The tech titan wants the freedom to give the public access to self-driving prototypes it has been testing on public roads since the summer. Before granting that permission, California regulators want Google to prove these cars of the future already drive as safely as people.

The Department of Motor Vehicles was supposed to write precedent-setting rules of the road by last Jan. 1. Nearly a year later, it is still struggling. After all, the agency is geared to administering driving tests and registering cars, not settling complicated questions the technology raises.

DO THEY NEED STEERING WHEELS?

If the cars’ advanced sensors and computing power can drive better than humans, do they need a steering wheel and pedals? Would a person even need to be inside? Google says no.

Regulators don’t want to be blamed for unnecessarily stalling the arrival of robo-chauffeurs that can see farther, react faster and don’t text, speed or fall asleep. They’ve implored Google and traditional automakers also developing the technology to share safety data, but companies in competition don’t willingly reveal trade secrets.

Delay is not what Google had in mind when it pushed the 2012 legislation making California one of the few state to authorize self-driving cars.
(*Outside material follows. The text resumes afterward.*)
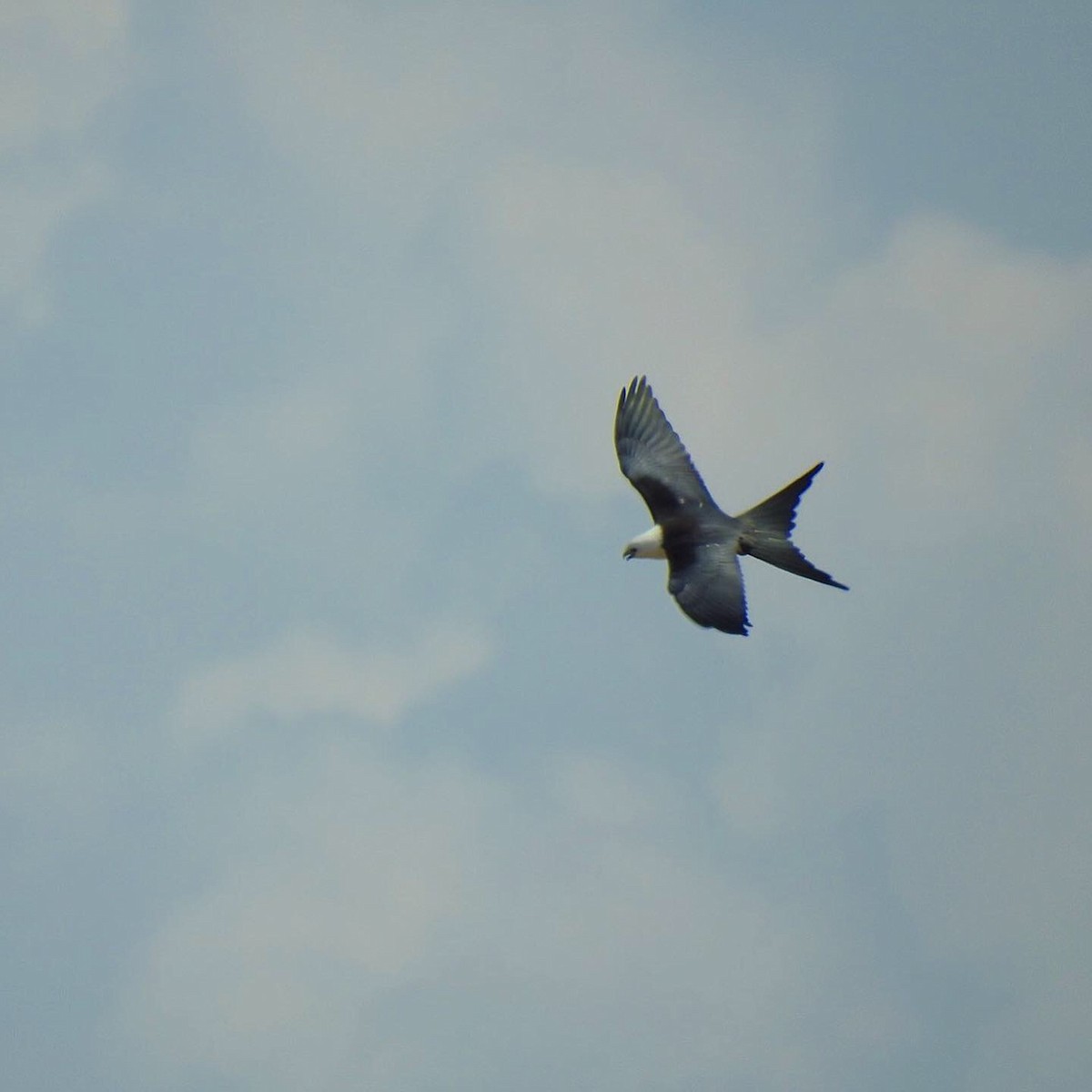 Swallow-tailed Kite - Jeffrey Hill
Google hoped to trade independence to innovate without government oversight for regulatory certainty.

Three years later, a company that abhors bureaucracy and a DMV struggling to write rules beyond its expertise are exasperated.

While self-driving cars are not close to being widely available, Google hinted in 2014 it wanted to get self-driving cars into public hands as early as 2016, probably starting with employees outside its small corps of self-driving car experts.
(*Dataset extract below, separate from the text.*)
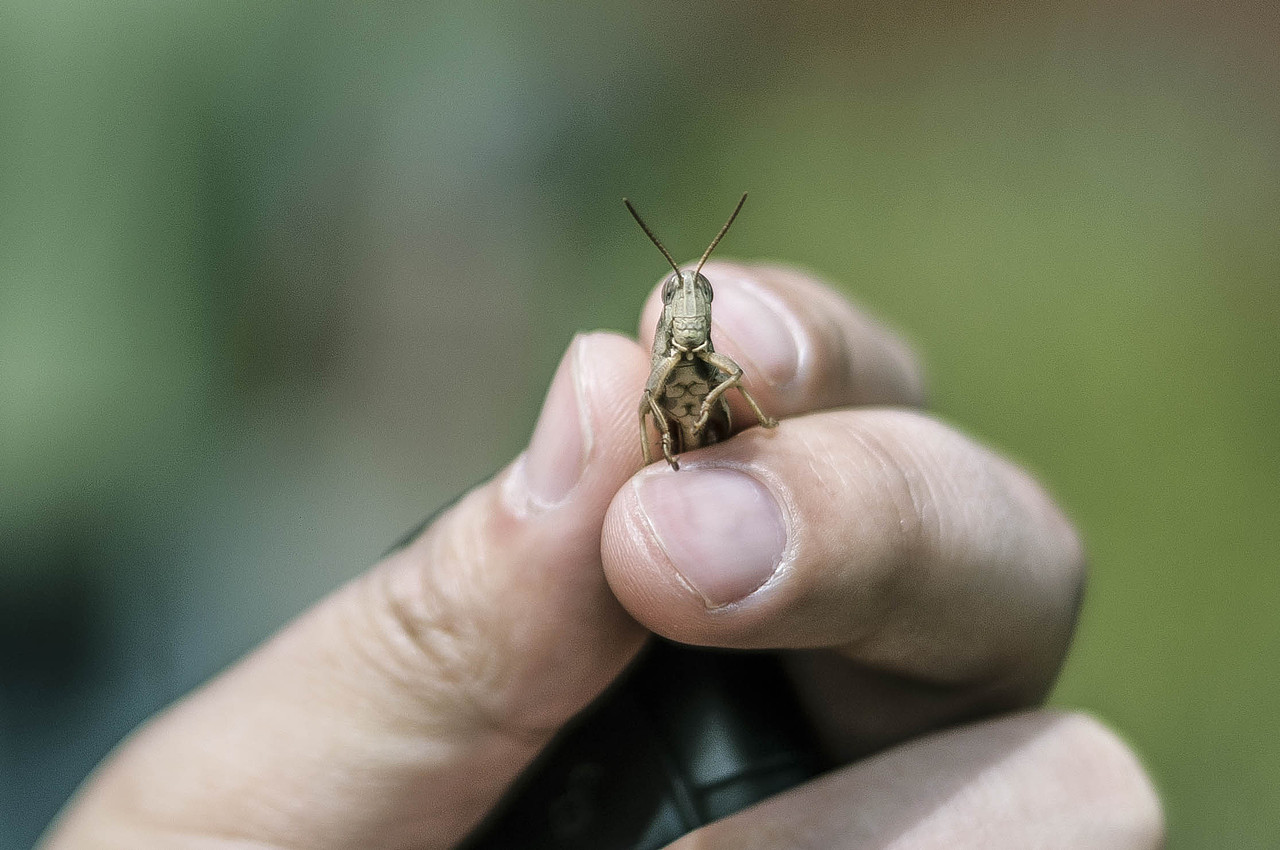 一个叫春的季节～（图ZNzYyNzIwNjQ=） - 风光摄影 - 站酷设计师13579air原创素材 - 站酷ZCOOL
More recently, the project’s leader, Chris Urmson, has said he doesn’t want his eldest son to need a driver’s license when he turns 16 in 3-1/2 years.

The bubble-shaped, two-seater prototype can’t go anywhere, any time. It is limited to places Google has surveyed in great detail. It can’t handle fog or snow. Top speed: 25 mph.

Google’s 73 cars are among the 98 test vehicles that California’s DMV has given 10 companies permission to test publicly.

Though trained test drivers must sit behind the wheel, Google wants to remove the wheel and pedals for the general public. Its argument: It would be safer to take all control away than expect a person to snap safely to attention in an emergency.

As a famously data-driven company, Google proposes a composite sketch of evidence would show its cars are safe.

Each day, Google runs more than 3 million miles of computerized driving simulations. Engineers devise real-world situations, then see how the cars respond. A “functional safety analysis” assesses what hardware or software might fail and how to minimize those risks.

Public road testing is the last piece. Google reports its cars have been involved in 17 collisions over 2.2 million miles of testing, nearly 1.3 million miles in self-driving mode. While that accident rate appears to be higher than for human drivers (though Google disputes that), accident summaries Google has published say its cars did not cause any accident.